For Zadie Smith, criticism is a bodily pleasure, not an abstracted mental operation. Reading, like eating, caters to her ravenous but discriminating appetite: she finds the essence of Kafka in a sliver of words from his diary, carved, she says, as thin as Parma ham and containing the creator’s “marbled mark.” She doesn’t need a snack when watching a film, because her eyes are feeding on the images: Brief Encounter is, for her, a chunk of Wensleydale cheese, inimitably English. The critical arguments in which Smith engages are as vital and as potentially violent as sexual wrestling matches, and in an essay on Katharine Hepburn she recalls that she ejected two lovers from her bed — on separate occasions, I should explain — because they disagreed with her about the relationship between Hepburn and Spencer Tracy in Adam’s Rib.
Smith consumes books and films, by which I mean that she absorbs them, seizing on them with all her acute, avid senses. When she was 14, her mother gave her Zora Neale Hurston’s Their Eyes Were Watching God to read. The aim was to raise Zadie’s biracial consciousness, though the result, vividly described in the first essay in this volume, was more intense and more transformative. “I inhaled that book,” Smith recalls (like an oenophile, she reads through her nostrils).
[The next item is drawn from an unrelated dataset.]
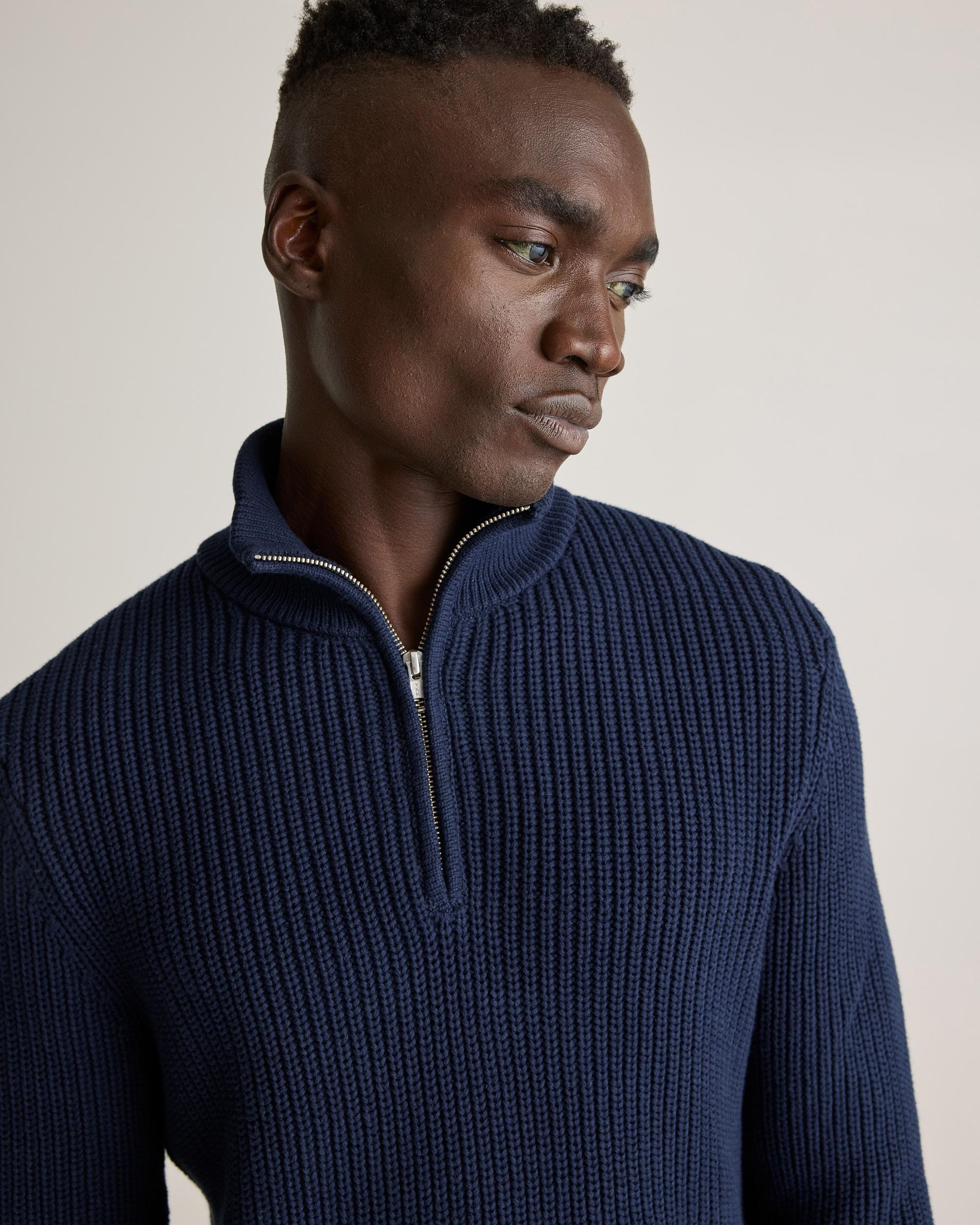 Quince | Men's Fisherman Quarter-Zip Sweater Size XL, Organic Cotton Product Image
It took her three hours to finish the volume and she expressed her critical judgment on it in a fit of grateful, ecstatic tears. When her mother called her to dinner, she took the book to the table, not because she intended to discuss it but because it was in itself a meal, offering her communion with the nutritious blood and body of its author.
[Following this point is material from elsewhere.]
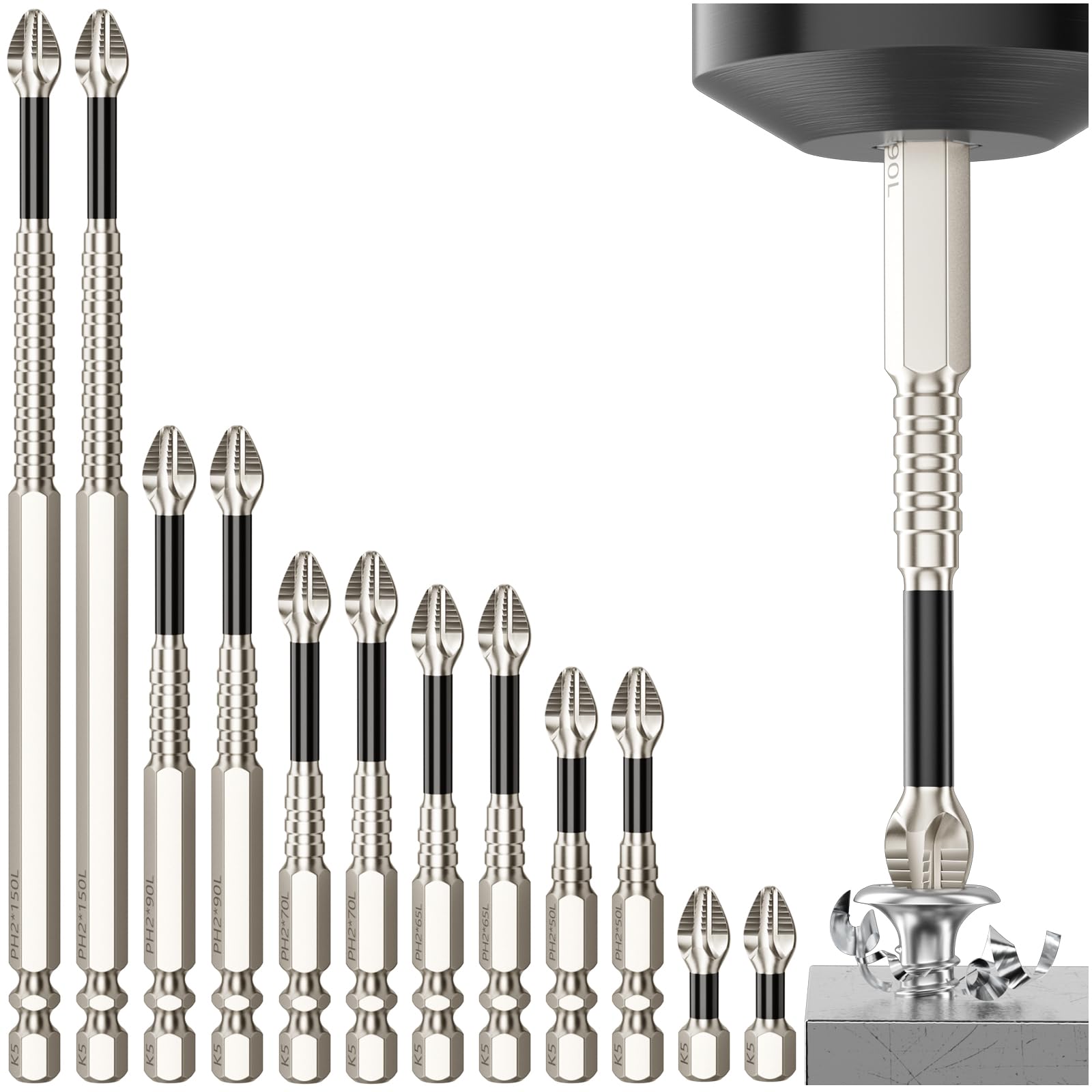 Linder Group Inc Magnetic Screwdriver Drill Bit Set 12pcs Impact Resistant Non Slip Bits for Cordless Drill Electric Screwdriver Manual Driver Storage Base #L3ZN3PPH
This is not the way critics are supposed to comport themselves. Smith’s enthusiasm is almost shocking; she breaks the rules established by the black-gowned, gruel-blooded nerds in universities who murder books by dissecting them, reduce poems and novels to texts which are no more than snarled networks of verbal signals and revenge themselves on the literature they secretly hate by writing badly about it.
Reading for Smith is a mind-changing, life-giving, soul-saving affair and her criticism has a missionary urgency. In a long and brilliant study of Middlemarch — which persuaded me to change my mind about a novel I’ve always considered tiresome — she avows that “love enables knowledge, love is a kind of knowledge.” She is referring to George Eliot’s Spinozistic union of emotional experience and moral perception, but she might also be articulating her own creed as critic. The intellectual revelations Smith purveys derive from and are ignited by her love for the books she has read.
In her first novel, White Teeth, she called tradition “a sinister analgesic,” as deeply embedded and degenerate as dental caries. She has changed her mind about that, because for her, as the title of her collection implies, criticism is a record of the mind’s growth and its game-playing versatility. Her review of a collection of E.M. Forster’s radio book chat exactly defines Smith’s newly congenial attitude to the literary past. Forster made her the gift of his talent — she used Howards End as the model for her most recent novel On Beauty — and she is repaying his generosity, just as he settled his debts to his predecessors in those broadcast talks.